(Provided records begins)

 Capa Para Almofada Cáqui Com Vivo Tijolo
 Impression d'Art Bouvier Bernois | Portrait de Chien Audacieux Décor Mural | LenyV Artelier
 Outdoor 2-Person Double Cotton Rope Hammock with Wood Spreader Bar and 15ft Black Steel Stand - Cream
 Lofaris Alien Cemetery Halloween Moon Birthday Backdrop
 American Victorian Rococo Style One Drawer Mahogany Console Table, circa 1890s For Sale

(Provided records ends)
(Provided records begins)

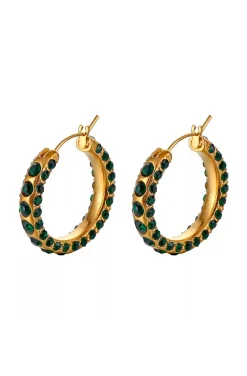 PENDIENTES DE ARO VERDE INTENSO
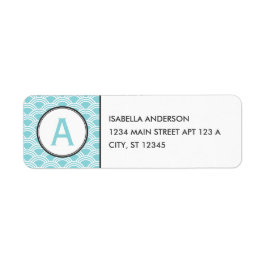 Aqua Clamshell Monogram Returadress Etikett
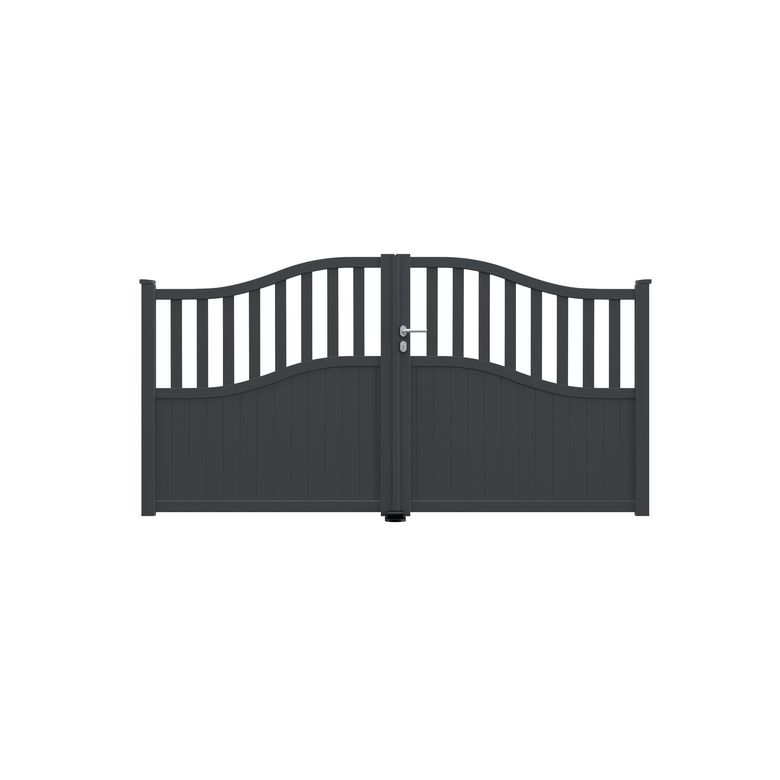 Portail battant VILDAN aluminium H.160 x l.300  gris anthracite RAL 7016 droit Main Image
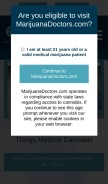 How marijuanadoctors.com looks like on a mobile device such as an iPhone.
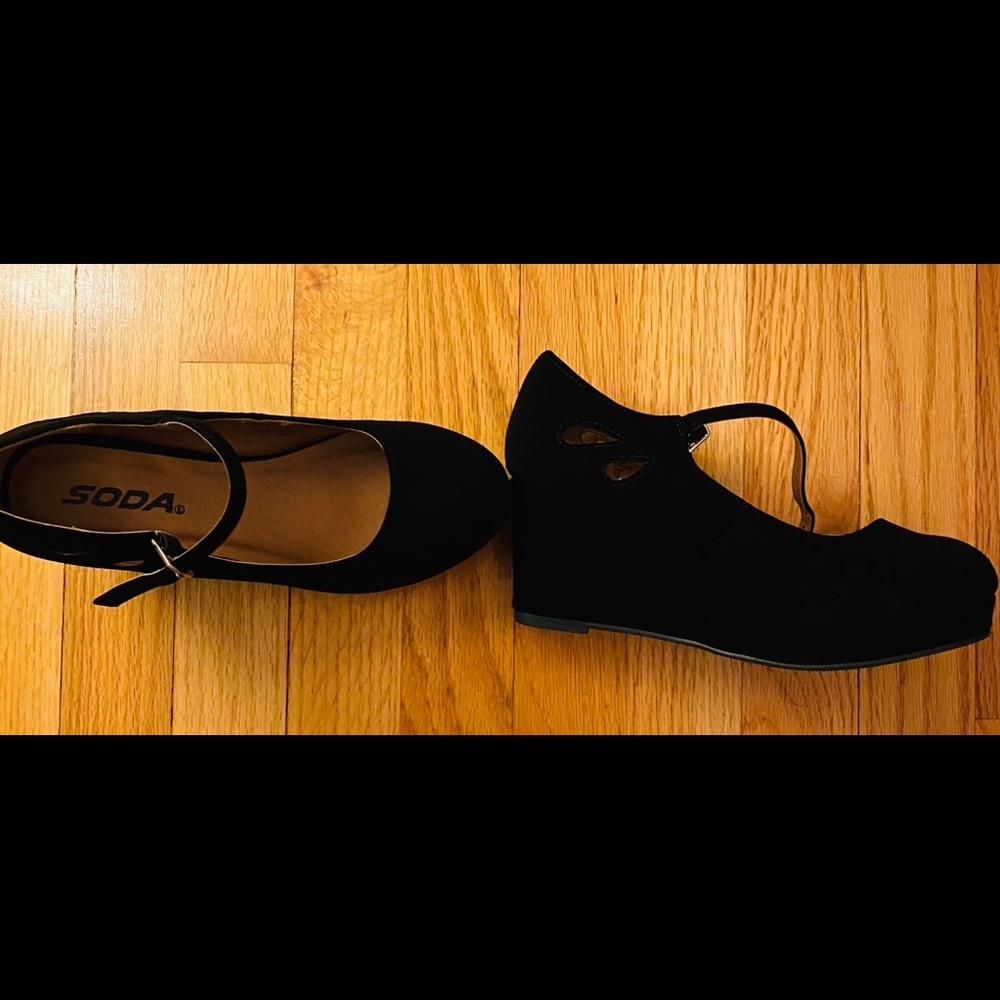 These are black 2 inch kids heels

(Provided records ends)
(Provided records begins)

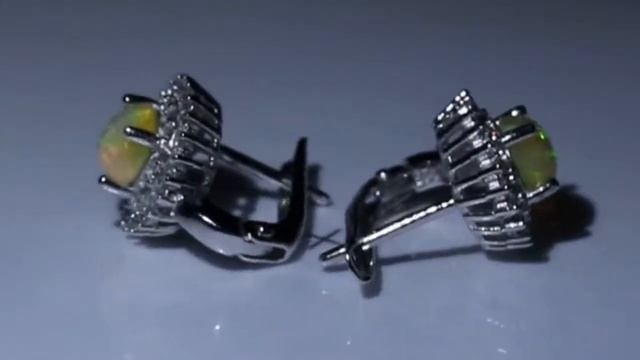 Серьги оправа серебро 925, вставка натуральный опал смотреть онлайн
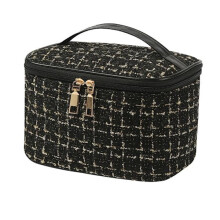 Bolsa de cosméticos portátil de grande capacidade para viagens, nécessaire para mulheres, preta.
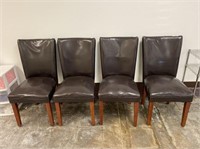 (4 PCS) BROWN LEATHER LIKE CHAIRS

(Provided records ends)

> [Assigned task]: Output only an exact transcription of the lines above from the one with "Lofaris Alien Cemetery" up to and including the one with "American Victorian Rococo".

> [Exercise result]:
 Lofaris Alien Cemetery Halloween Moon Birthday Backdrop
 American Victorian Rococo Style One Drawer Mahogany Console Table, circa 1890s For Sale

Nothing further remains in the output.